** Aim of the task **
Please restate, exactly as written, the lines running from the beginning of the material through the line that has "Super Hotel Shinagawa" in it.

** Input records **
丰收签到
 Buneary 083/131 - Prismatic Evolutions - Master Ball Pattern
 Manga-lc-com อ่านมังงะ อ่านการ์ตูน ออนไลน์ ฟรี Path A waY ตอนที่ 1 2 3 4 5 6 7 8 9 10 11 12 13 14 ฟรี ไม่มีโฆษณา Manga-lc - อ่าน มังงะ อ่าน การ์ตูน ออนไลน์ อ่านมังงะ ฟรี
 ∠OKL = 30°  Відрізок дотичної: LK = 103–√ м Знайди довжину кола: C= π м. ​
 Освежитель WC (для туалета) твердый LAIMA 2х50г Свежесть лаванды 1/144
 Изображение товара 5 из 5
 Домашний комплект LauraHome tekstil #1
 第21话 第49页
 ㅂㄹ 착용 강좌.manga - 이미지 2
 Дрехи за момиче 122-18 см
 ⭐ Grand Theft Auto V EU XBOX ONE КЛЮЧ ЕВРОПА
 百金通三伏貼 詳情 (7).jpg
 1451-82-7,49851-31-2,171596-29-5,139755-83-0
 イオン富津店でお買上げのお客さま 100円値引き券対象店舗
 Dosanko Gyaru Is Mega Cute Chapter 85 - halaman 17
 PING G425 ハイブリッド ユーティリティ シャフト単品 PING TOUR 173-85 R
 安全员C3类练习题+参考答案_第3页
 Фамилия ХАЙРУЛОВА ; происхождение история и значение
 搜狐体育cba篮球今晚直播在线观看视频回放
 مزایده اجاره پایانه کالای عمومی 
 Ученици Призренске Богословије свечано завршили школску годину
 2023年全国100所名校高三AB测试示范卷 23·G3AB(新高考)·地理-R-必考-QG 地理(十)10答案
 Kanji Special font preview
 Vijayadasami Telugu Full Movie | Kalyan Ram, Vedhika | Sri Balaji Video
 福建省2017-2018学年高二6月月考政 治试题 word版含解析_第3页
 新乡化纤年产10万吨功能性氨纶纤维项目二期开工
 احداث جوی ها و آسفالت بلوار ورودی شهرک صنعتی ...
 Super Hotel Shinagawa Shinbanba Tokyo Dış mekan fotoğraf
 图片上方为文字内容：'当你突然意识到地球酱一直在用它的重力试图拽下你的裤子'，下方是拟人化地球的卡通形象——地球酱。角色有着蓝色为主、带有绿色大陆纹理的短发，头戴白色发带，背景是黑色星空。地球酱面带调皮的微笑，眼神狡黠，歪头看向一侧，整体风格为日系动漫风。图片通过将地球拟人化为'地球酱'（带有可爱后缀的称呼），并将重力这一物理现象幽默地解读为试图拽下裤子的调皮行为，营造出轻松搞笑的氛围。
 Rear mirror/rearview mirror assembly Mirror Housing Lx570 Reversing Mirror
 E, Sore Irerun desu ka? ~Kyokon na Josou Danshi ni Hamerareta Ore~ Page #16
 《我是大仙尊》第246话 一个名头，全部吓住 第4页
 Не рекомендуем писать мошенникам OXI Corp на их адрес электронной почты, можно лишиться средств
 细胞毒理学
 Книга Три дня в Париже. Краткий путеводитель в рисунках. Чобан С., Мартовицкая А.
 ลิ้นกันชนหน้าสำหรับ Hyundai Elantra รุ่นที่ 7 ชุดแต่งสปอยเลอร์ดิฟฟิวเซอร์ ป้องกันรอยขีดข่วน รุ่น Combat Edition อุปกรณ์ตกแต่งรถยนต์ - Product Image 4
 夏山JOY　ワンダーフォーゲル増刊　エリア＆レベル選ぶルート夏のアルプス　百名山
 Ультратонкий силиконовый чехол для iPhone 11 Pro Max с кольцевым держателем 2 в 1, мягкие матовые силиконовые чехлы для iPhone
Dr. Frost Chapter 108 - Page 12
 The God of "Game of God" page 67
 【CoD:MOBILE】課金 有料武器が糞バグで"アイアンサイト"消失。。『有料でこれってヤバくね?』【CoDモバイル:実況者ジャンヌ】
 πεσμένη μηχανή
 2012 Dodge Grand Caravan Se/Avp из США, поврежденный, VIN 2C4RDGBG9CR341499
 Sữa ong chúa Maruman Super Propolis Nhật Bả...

** Output of the exercise **
丰收签到
 Buneary 083/131 - Prismatic Evolutions - Master Ball Pattern
 Manga-lc-com อ่านมังงะ อ่านการ์ตูน ออนไลน์ ฟรี Path A waY ตอนที่ 1 2 3 4 5 6 7 8 9 10 11 12 13 14 ฟรี ไม่มีโฆษณา Manga-lc - อ่าน มังงะ อ่าน การ์ตูน ออนไลน์ อ่านมังงะ ฟรี
 ∠OKL = 30°  Відрізок дотичної: LK = 103–√ м Знайди довжину кола: C= π м. ​
 Освежитель WC (для туалета) твердый LAIMA 2х50г Свежесть лаванды 1/144
 Изображение товара 5 из 5
 Домашний комплект LauraHome tekstil #1
 第21话 第49页
 ㅂㄹ 착용 강좌.manga - 이미지 2
 Дрехи за момиче 122-18 см
 ⭐ Grand Theft Auto V EU XBOX ONE КЛЮЧ ЕВРОПА
 百金通三伏貼 詳情 (7).jpg
 1451-82-7,49851-31-2,171596-29-5,139755-83-0
 イオン富津店でお買上げのお客さま 100円値引き券対象店舗
 Dosanko Gyaru Is Mega Cute Chapter 85 - halaman 17
 PING G425 ハイブリッド ユーティリティ シャフト単品 PING TOUR 173-85 R
 安全员C3类练习题+参考答案_第3页
 Фамилия ХАЙРУЛОВА ; происхождение история и значение
 搜狐体育cba篮球今晚直播在线观看视频回放
 مزایده اجاره پایانه کالای عمومی 
 Ученици Призренске Богословије свечано завршили школску годину
 2023年全国100所名校高三AB测试示范卷 23·G3AB(新高考)·地理-R-必考-QG 地理(十)10答案
 Kanji Special font preview
 Vijayadasami Telugu Full Movie | Kalyan Ram, Vedhika | Sri Balaji Video
 福建省2017-2018学年高二6月月考政 治试题 word版含解析_第3页
 新乡化纤年产10万吨功能性氨纶纤维项目二期开工
 احداث جوی ها و آسفالت بلوار ورودی شهرک صنعتی ...
 Super Hotel Shinagawa Shinbanba Tokyo Dış mekan fotoğraf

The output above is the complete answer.